Homemade mint extract, and other extracts, number among my favorite additions to desserts. And, in keeping with most of the several real food recipes at Nourished Kitchen, it is shamefully easy to prepare and requires only a handful of ingredients. And, in winter when my herbs are frozen over until the spring thaw, I rely on these extracts to enliven strawberry mint sorbet and mint ice creams with their sweet and herbaceous flavors. Just a few drops does it.
Unlike purchased mint extracts – which often contain petroleum derivatives like propylene glycol and which are potent with the overwhelming intensity of menthol; homemade mint extract is mellow and sweet. Better yet: in this version the natural menthol in fresh mint is tempered by the sweet and earthy softness of vanilla bean.
When making extracts, I like to use a variety of mints. I’m fond of mint, you see – it’s the herb of Venus. And in magical combination, it both stimulates and calms simultaneously. On my front porch, where I keep all my herbs, I typically grow at least three or four varieties of mint: peppermint, chocolate mint, spearmint, dotted mint while other varieties arrive in my weekly CSA – pineapple mint, lemon mint, mountain mint. And if you’re a mint lover as I am, you should know that most of these varieties are available online from seed companies specializing in heirloom varietals (see sources).
Making mint, or any other extract, is easy: simply steep herbs, spices, citrus skins or whatever you like in alcohol in a dark cabinet for a few weeks, decant if you like, and use as you would any commercially available extract.

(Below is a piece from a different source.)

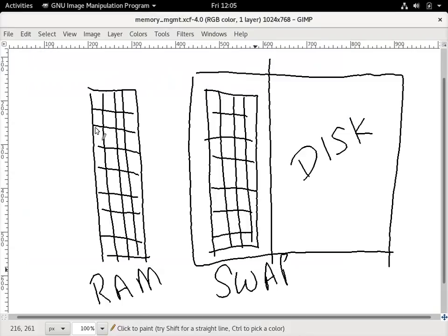Let's take a look at some commands used to see the status of memory. One of the features of an operating system is to manage memory, which we call memory management.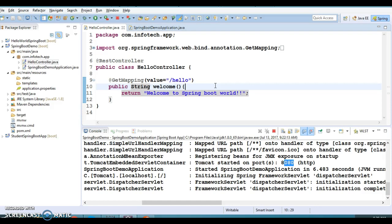In RESTful web services you can have request and response in many formats — JSON, plain text, HTML, and more. But if you talk about SOAP-based web services, SOAP only supports XML communication. You send a SOAP request in XML format and get a SOAP response in XML format only. Thanks for watching this video and see you in the next tutorial.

Most home cooks who make their own extracts prefer the use of vodka for its clean, clear and near flavorless qualities, but me, I like a good dark rum for its rum’s natural sweetness that adds a subtle, but uplifting volume of flavor to basic extracts.
So if you’ve chopped, dried and frozen your way through your kitchen herbs as the cold of autumn begins to creep in your garden, consider purchasing a good bottle of dark rum and preserving the remainder of your harvest in this simple, sweet alcohol where its vibrancy can lift your cooking well into the deep, dark days of winter.